Reproduce nothing beyond the line containing "Alt view image". From the first line of the data below down to it, copy each line exactly, without the pictures.

START Input data

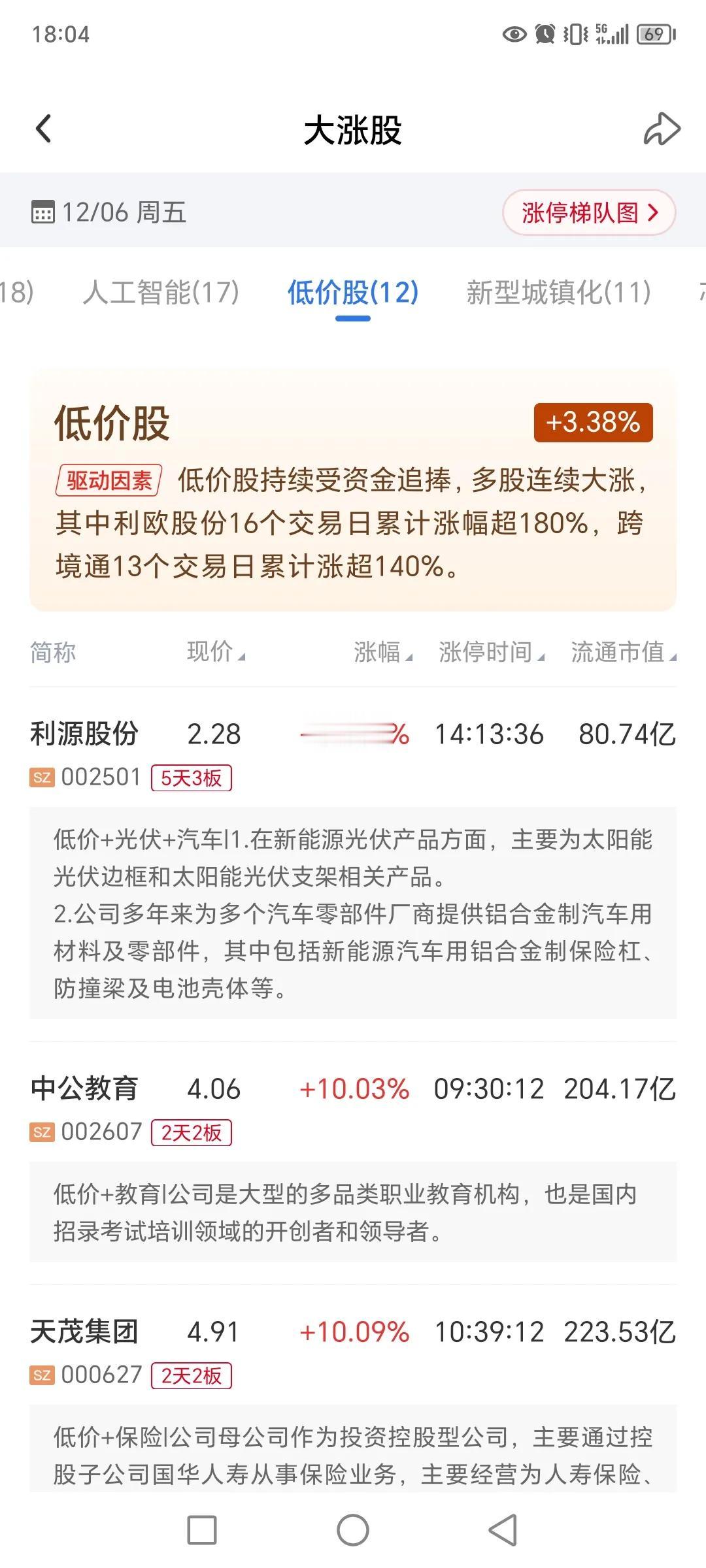 周五低价股概念又卷土重来。财联社上的统计，周五有12个低价股概念板块里的个股涨停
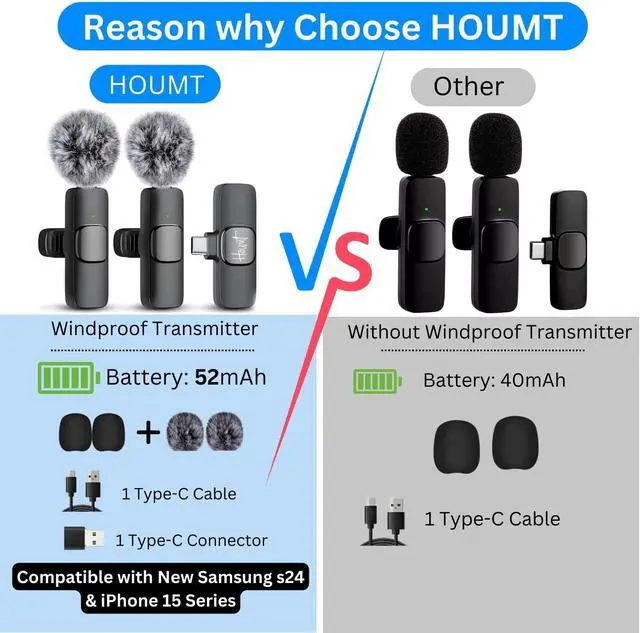 Alt view image 3 of 7 - Wireless Microphone for iPhone 15 USB-C Compatible with Samsung s24 & iPhone 15 Series - Wireless Lavalier Microphone for Android - USB C Microphone for Video Recording and Tiktok (2 in 1)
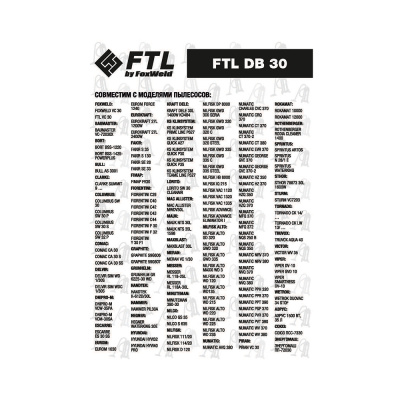 Мешок-пылесборник FTL DB 30 (комплект 5 шт.) по ценам производителя в Уфе с доставкой по всей России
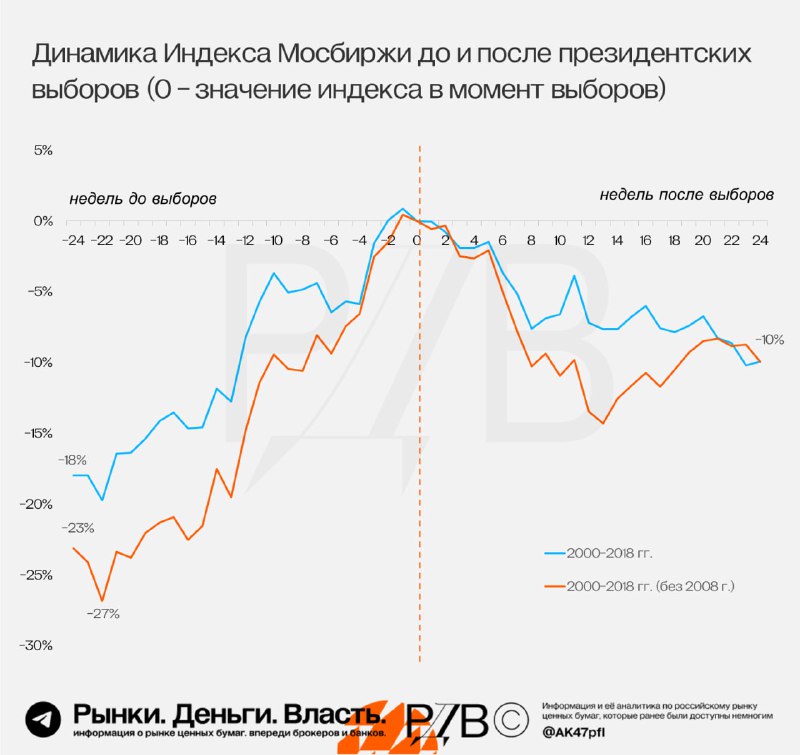 Подробнее о статье Как российский рынок акций перформит в годы президентских выборов #тактиканаРЦБВыборы президента РФ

END Input data

- Solution -
 周五低价股概念又卷土重来。财联社上的统计，周五有12个低价股概念板块里的个股涨停
 Alt view image 3 of 7 - Wireless Microphone for iPhone 15 USB-C Compatible with Samsung s24 & iPhone 15 Series - Wireless Lavalier Microphone for Android - USB C Microphone for Video Recording and Tiktok (2 in 1)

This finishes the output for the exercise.